Only one stretch of the listing below is wanted. Begin at the line that has "32 oz plastic", stop after the line that has "New Korean Headwrap", and repeat every line in between exactly.

___ Working data ___

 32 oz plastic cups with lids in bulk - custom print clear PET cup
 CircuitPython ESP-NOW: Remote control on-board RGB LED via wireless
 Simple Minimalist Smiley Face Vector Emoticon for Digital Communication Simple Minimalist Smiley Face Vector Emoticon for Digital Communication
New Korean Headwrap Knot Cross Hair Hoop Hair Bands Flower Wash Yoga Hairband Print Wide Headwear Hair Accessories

___
___ Working data ___

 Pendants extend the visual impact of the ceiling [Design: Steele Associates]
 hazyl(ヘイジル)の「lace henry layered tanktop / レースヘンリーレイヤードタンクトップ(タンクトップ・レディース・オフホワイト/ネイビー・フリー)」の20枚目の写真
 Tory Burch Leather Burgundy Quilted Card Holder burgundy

___
___ Working data ___

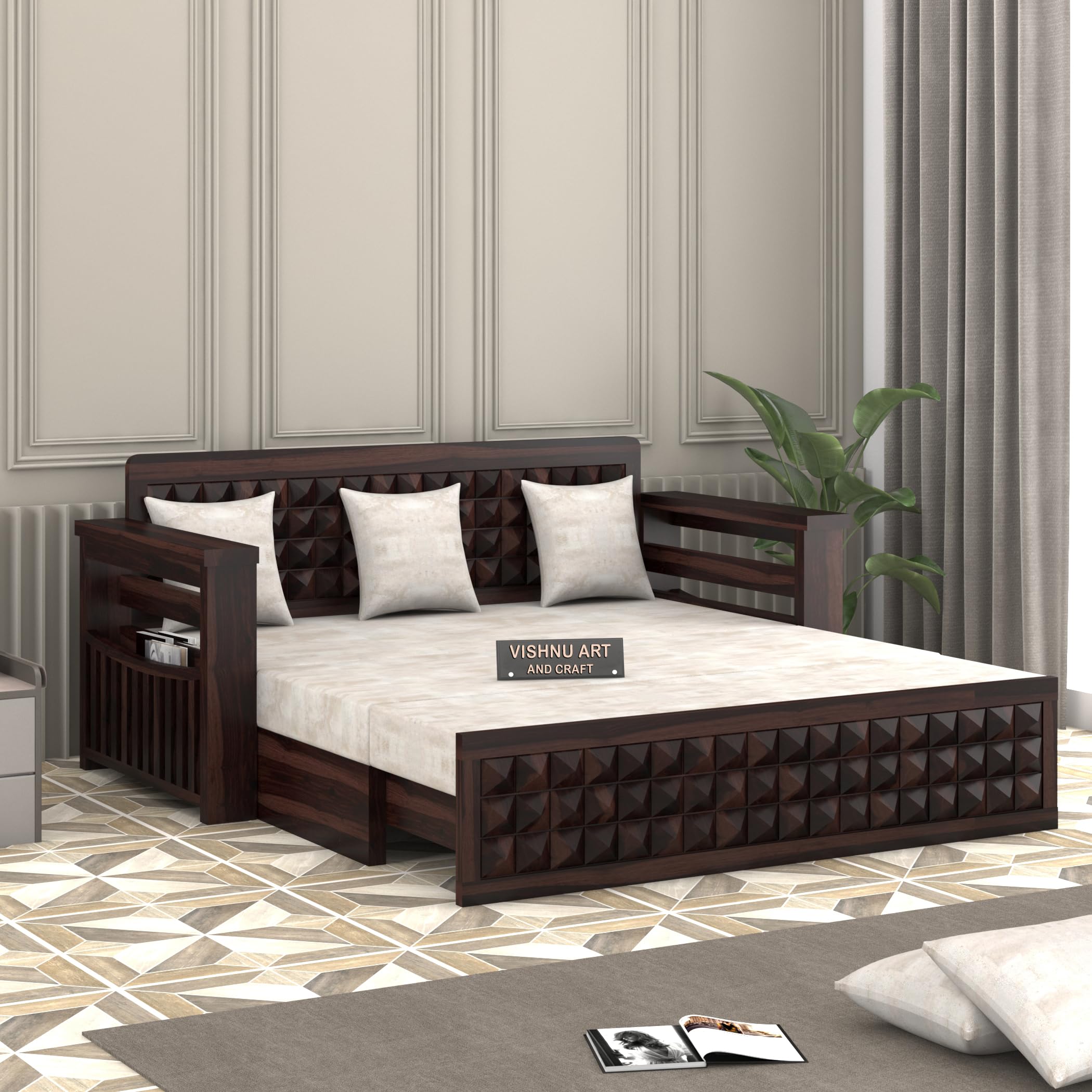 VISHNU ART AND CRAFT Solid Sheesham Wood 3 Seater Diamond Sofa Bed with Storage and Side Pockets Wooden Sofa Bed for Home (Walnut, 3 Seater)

___

■ Solution to the exercise
 32 oz plastic cups with lids in bulk - custom print clear PET cup
 CircuitPython ESP-NOW: Remote control on-board RGB LED via wireless
 Simple Minimalist Smiley Face Vector Emoticon for Digital Communication Simple Minimalist Smiley Face Vector Emoticon for Digital Communication
New Korean Headwrap Knot Cross Hair Hoop Hair Bands Flower Wash Yoga Hairband Print Wide Headwear Hair Accessories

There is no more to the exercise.